Frederes also requested summary judgment as to damages for the breach of the contract. Summary judgment may not be awarded on this issue since there are material issues of fact as to the damage claims which Frederes asserts against the defendants. For example, Frederes is unable to determine his tax liability at this time; Foremeadows raised an issue of fact, whether the deed it tendered was sufficient to pass title and can Frederes’ rejection of that deed compounded its damages; Fre-deres requested damages for the value of the four units and his own papers disclose at least three different values; there is a question of fact as to the language of the Contract with regard to the mechanics liens; similarly, there are other questions of facts with regard to other issues raised.
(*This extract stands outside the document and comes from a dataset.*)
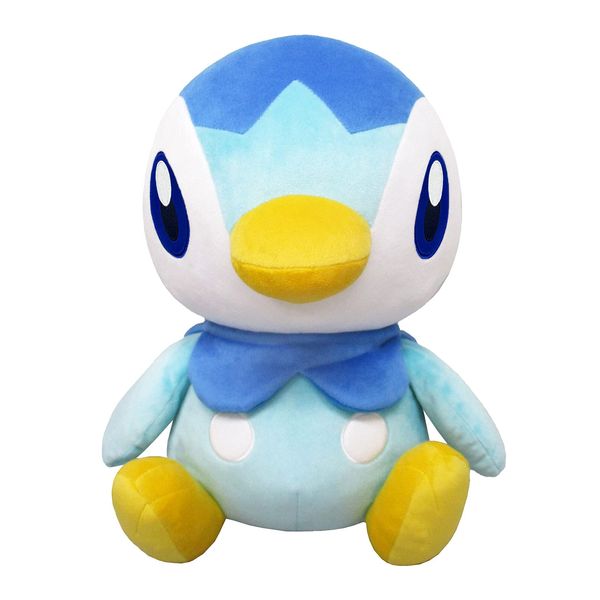 Three British Trading BigMore! Pokemon Extra Large Plush Stuffed Animal Plush, 15.7 inches (40 cm) Tall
For the reasons set forth above, partial summary judgment is granted on the issue of liability only as to breach of contract and summary judgment is denied as to all other claims and the award of damages must await trial of the issues, and it is so ordered.
ORDER
At Rochester, New York in the said District on the 2nd day of January, 1990.
In accordance with the attached Findings of Fact and Conclusions of Law, it is hereby
ORDERED that partial summary judgment is granted in that it is determined that Foremeadows Investment, Ltd. and Larry James Ferguson breached the contract with Daryl B. Frederes and it is further
ORDERED that summary judgment is denied as to all other claims and the award of damages must await trial of the issues.
. The Contract called for the units to be 800 square feet in size, furnished and carpeted.
. It now appears that Foremeadows has sealed up the units for the winter.
. See 26 U.S.C. § 1031.
. Whether or not the deed was effective to transfer title raises a question of fact as to damages and not as to the liability for breach of contract for failing to perform on time. Foremeadows claims that the deed was effective to transfer title and therefore, any tax liability Frederes suffers will be due to his rejection of title and not Foremeadows’ failure to deliver the units within 180 days of the conveyance. Thus, this raises a question of fact as to damages and not as to liability.